As the ancients tell the tale, Prometheus and Zeus got into a fight toward the end of the Golden Age. Prometheus had created people out of clay; from the events that follow, it seems likely that he wished to increase their portion in the world. In the Golden Age, humankind neither grew old quickly nor died in pain, but they were nonetheless mortal and perhaps Prometheus wished them immortality. In any event, he and Zeus got into a dispute that focused on which parts of a slaughtered ox the gods would eat and which would be food for human mouths. Prometheus divided the ox into two portions, and because Zeus was to have first choice, he disguised them: the better part (the edible meat) he made unappealing by covering it with the ox’s stomach (Greeks did not eat the belly, the tripe); the lesser part (the inedible bones) he covered with fat to make it look like rich meat.

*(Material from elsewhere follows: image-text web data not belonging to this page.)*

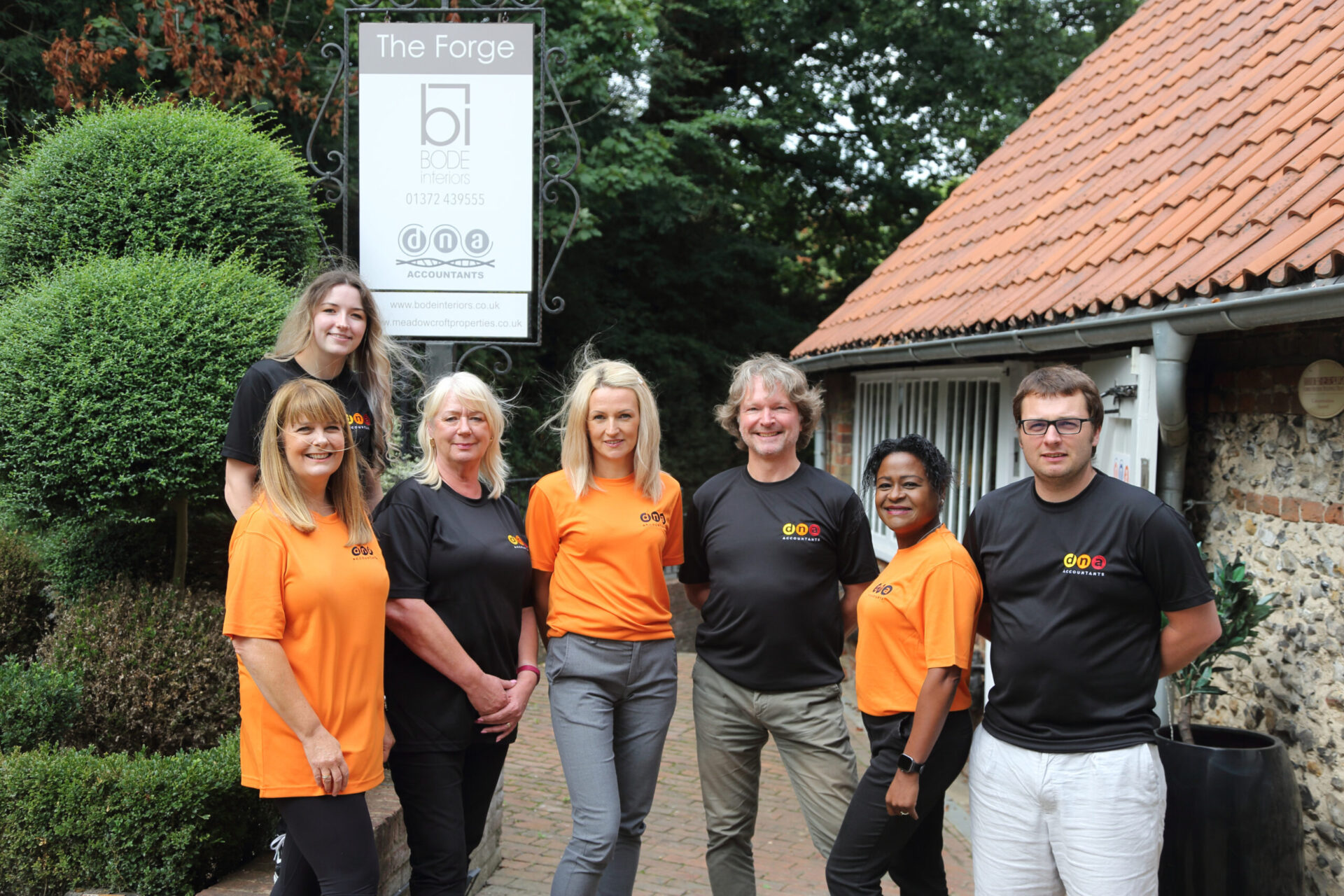 DNA, accountants
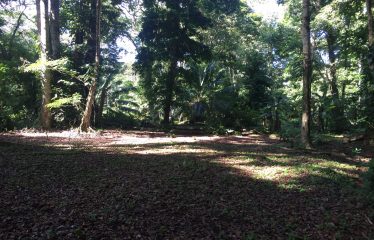 FINCA BIG TREES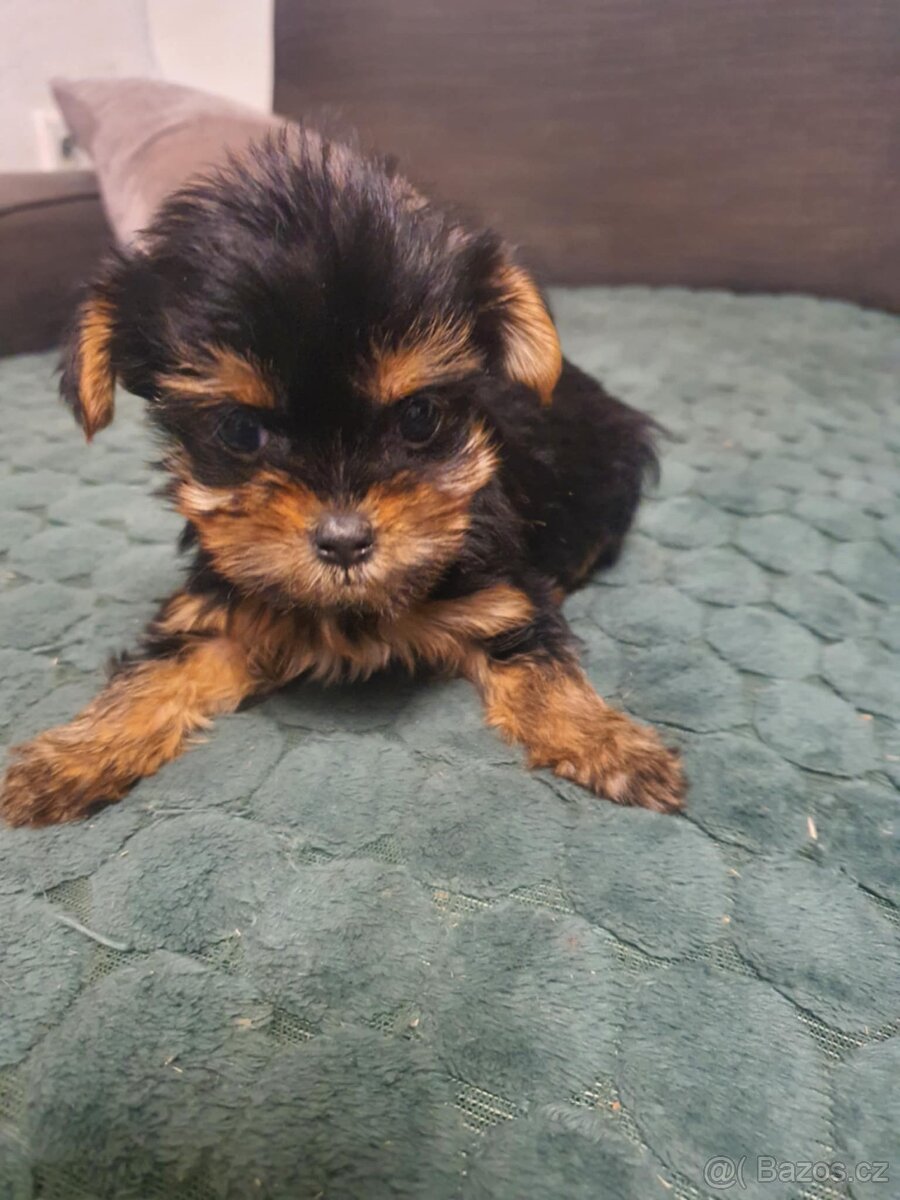 Jorkšírský Yorkšírský teriér - 5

Zeus was not deceived, however; he could see beneath the surfaces of the Promethean shell game. And yet he didn’t choose the “better” portion, he chose the bones. Hesiod writes: “Zeus, whose wisdom is everlasting, saw … the trick, and in his heart he thought mischief against mortal men … With both hands he took up the white fat …” Then Hesiod adds the point that is of interest here: “And because of this the tribes of men upon earth burn white bones to the deathless gods upon fragrant altars.” Promethean trickery thus leads to the first sacrifice.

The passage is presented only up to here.